# COLLECTED DATA
────
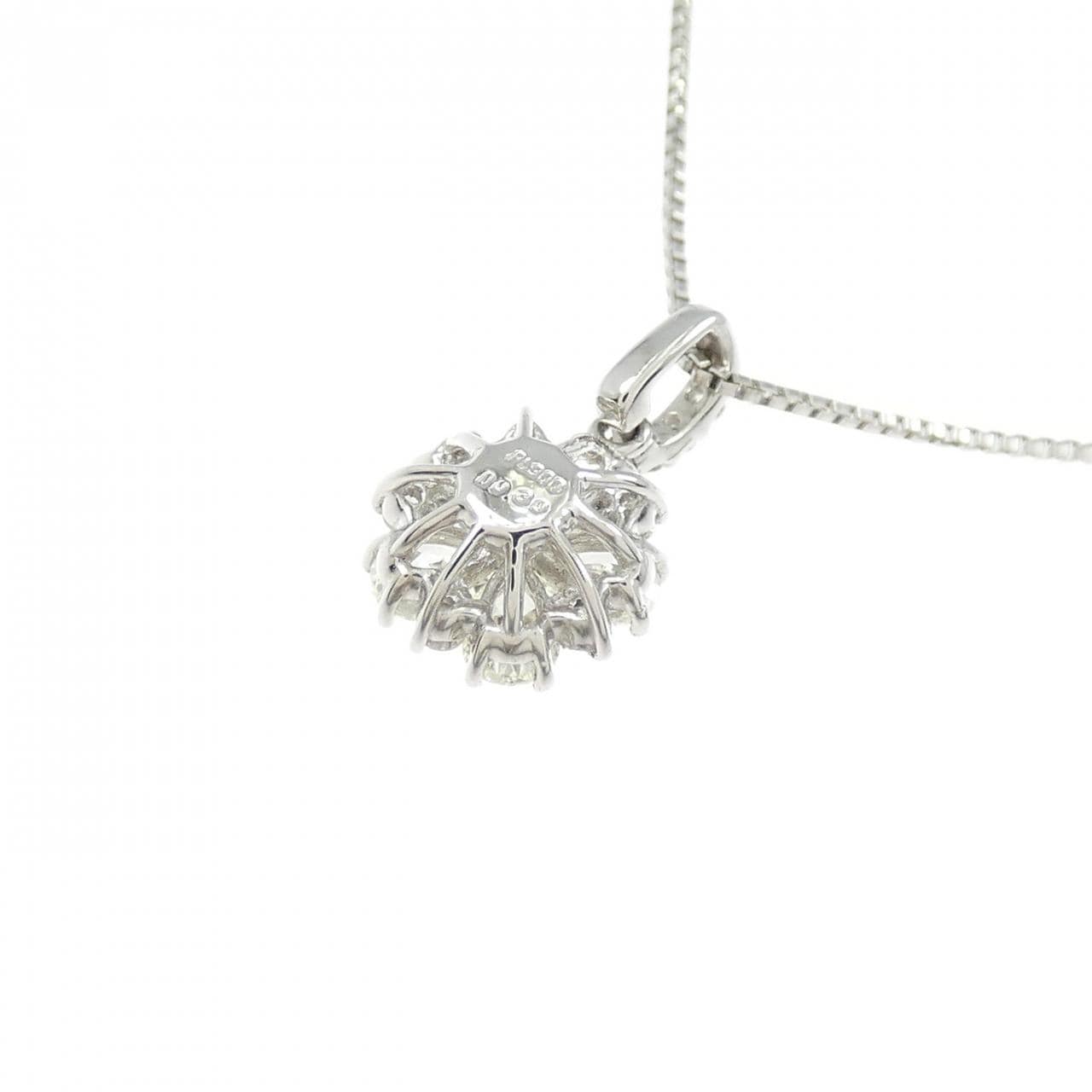 【新品】PT900/PT850 フラワー ダイヤモンド ネックレス 0.30CT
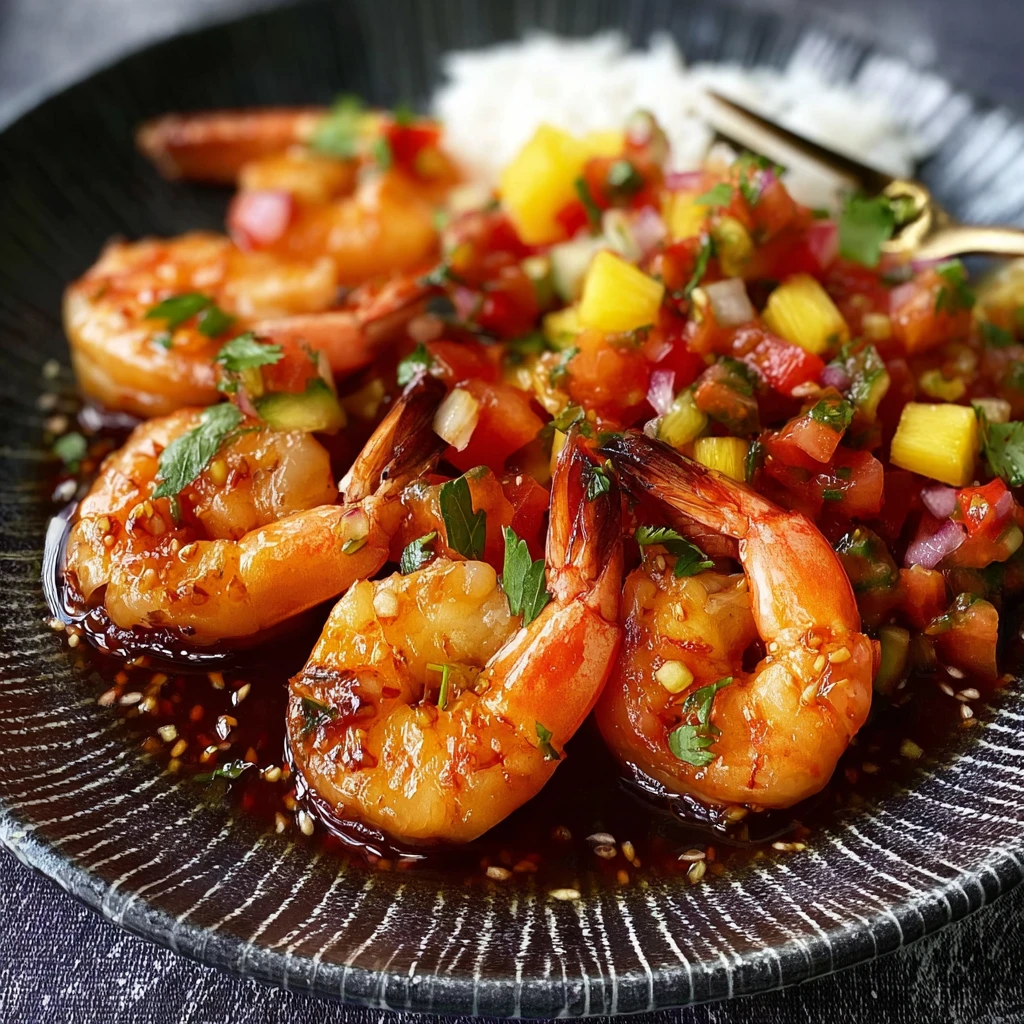 Grill Perfection: Barbecue Honey Soy Prawns with Salsa Delight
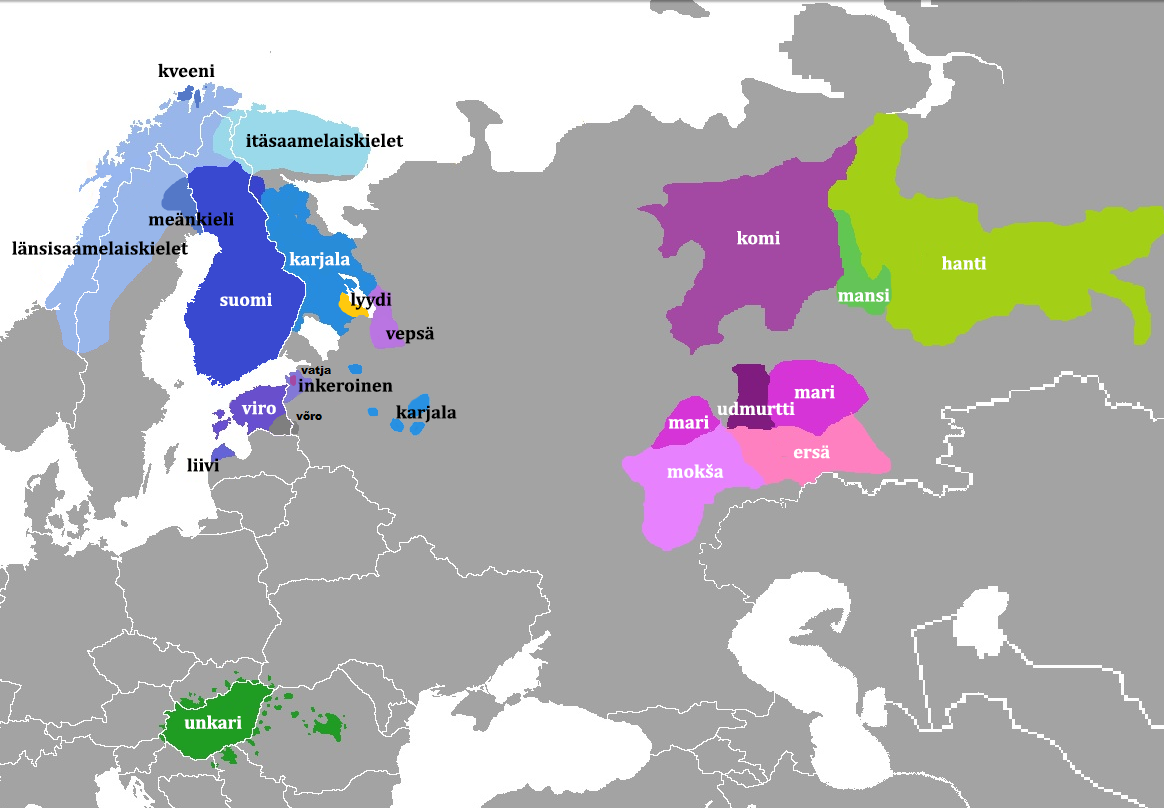 suomen sukukielet kartta Suomalais Ugrilaiset Kielet Wikipedia suomen sukukielet kartta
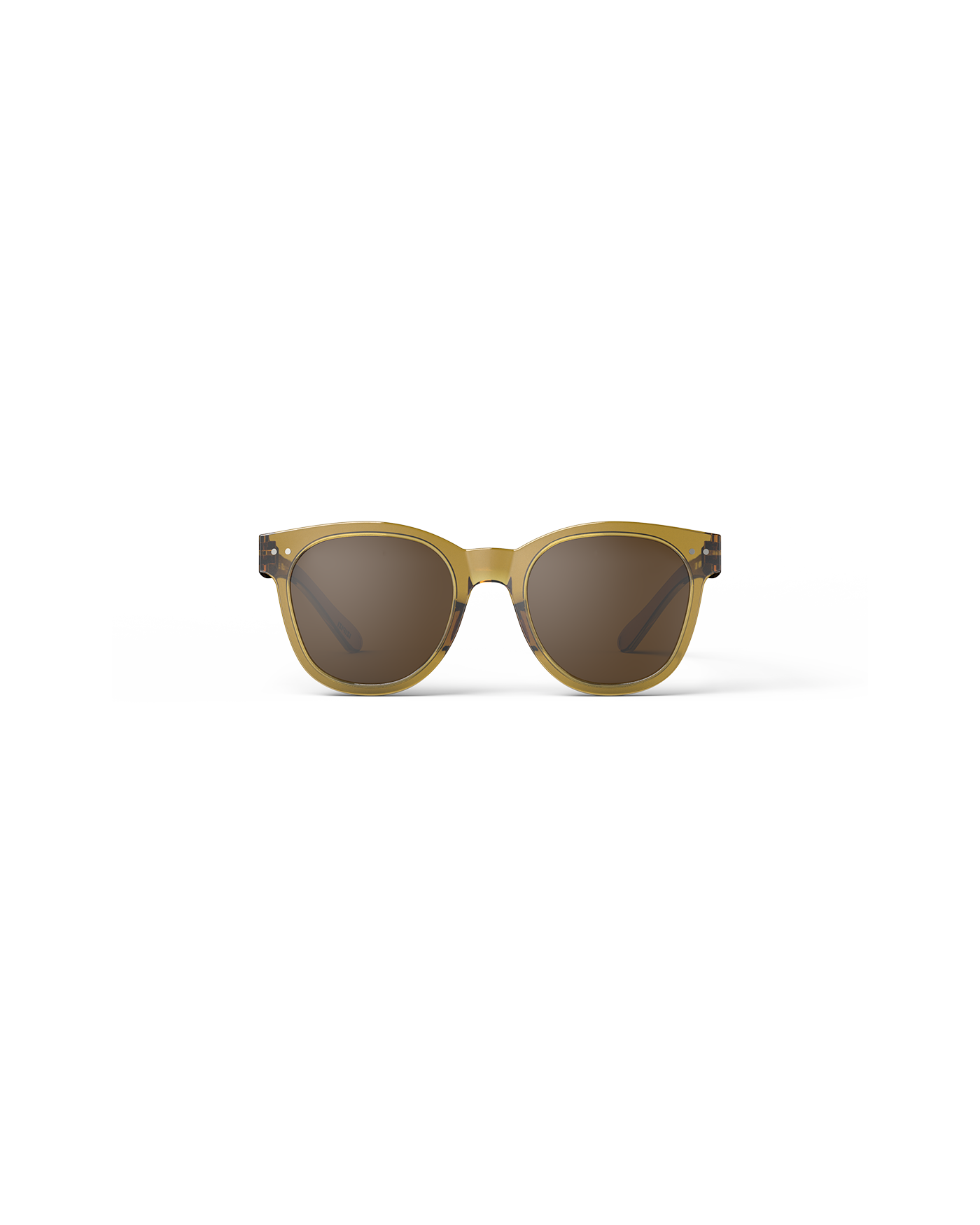 Oversized Golden Green Trapeze Sunglasses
────
# EXERCISE PROMPT
Apart from the images, every line above is to be given again exactly.

# TASK RESULT
 【新品】PT900/PT850 フラワー ダイヤモンド ネックレス 0.30CT
 Grill Perfection: Barbecue Honey Soy Prawns with Salsa Delight
 suomen sukukielet kartta Suomalais Ugrilaiset Kielet Wikipedia suomen sukukielet kartta
 Oversized Golden Green Trapeze Sunglasses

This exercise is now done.